> Exercise aim: What should be copied is the stretch of entries below from the line with "1K0898788 VAG Комплект" up to and including the line with "Highlander: The Series - Poster", exactly and without images.

> Entries shown:
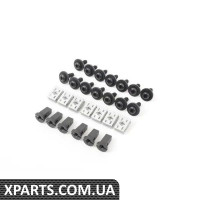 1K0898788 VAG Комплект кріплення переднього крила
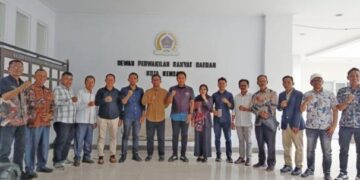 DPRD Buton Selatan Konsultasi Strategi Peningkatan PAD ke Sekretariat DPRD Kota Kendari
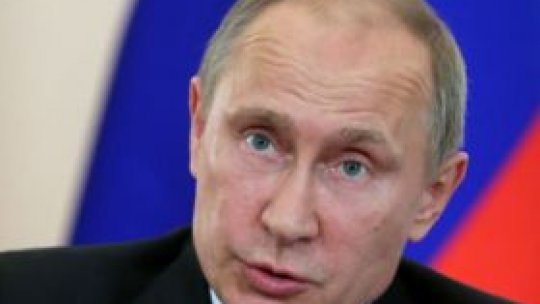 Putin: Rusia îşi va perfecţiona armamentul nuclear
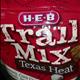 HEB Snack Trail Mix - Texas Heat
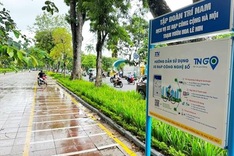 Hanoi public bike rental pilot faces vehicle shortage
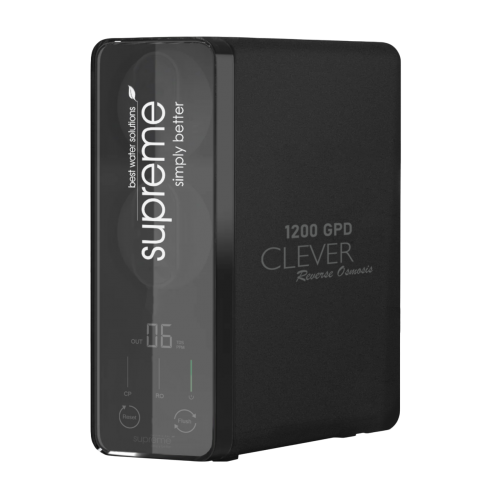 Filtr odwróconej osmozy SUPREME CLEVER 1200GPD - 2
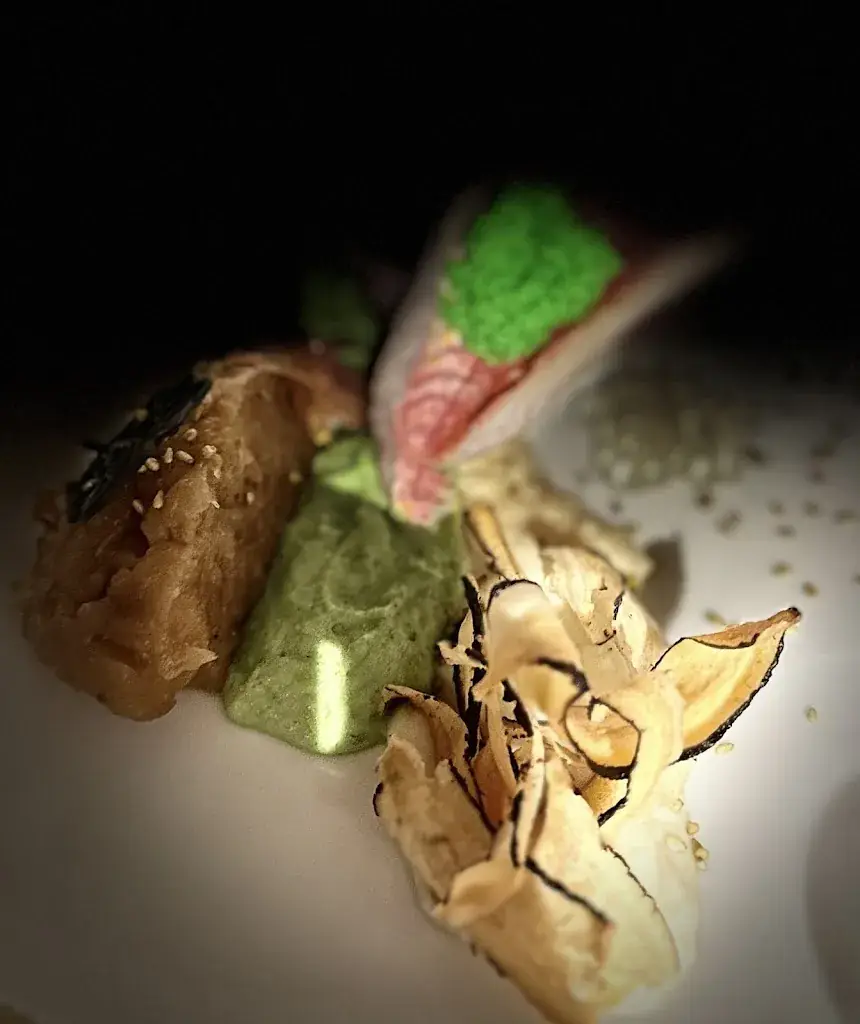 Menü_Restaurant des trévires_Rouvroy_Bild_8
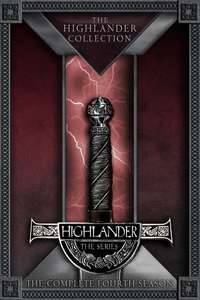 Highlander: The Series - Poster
==
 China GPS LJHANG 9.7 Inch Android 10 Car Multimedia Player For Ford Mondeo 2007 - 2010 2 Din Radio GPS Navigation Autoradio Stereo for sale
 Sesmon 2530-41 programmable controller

> Reply:
 1K0898788 VAG Комплект кріплення переднього крила
 DPRD Buton Selatan Konsultasi Strategi Peningkatan PAD ke Sekretariat DPRD Kota Kendari
 Putin: Rusia îşi va perfecţiona armamentul nuclear
 HEB Snack Trail Mix - Texas Heat
 Hanoi public bike rental pilot faces vehicle shortage
 Filtr odwróconej osmozy SUPREME CLEVER 1200GPD - 2
 Menü_Restaurant des trévires_Rouvroy_Bild_8
 Highlander: The Series - Poster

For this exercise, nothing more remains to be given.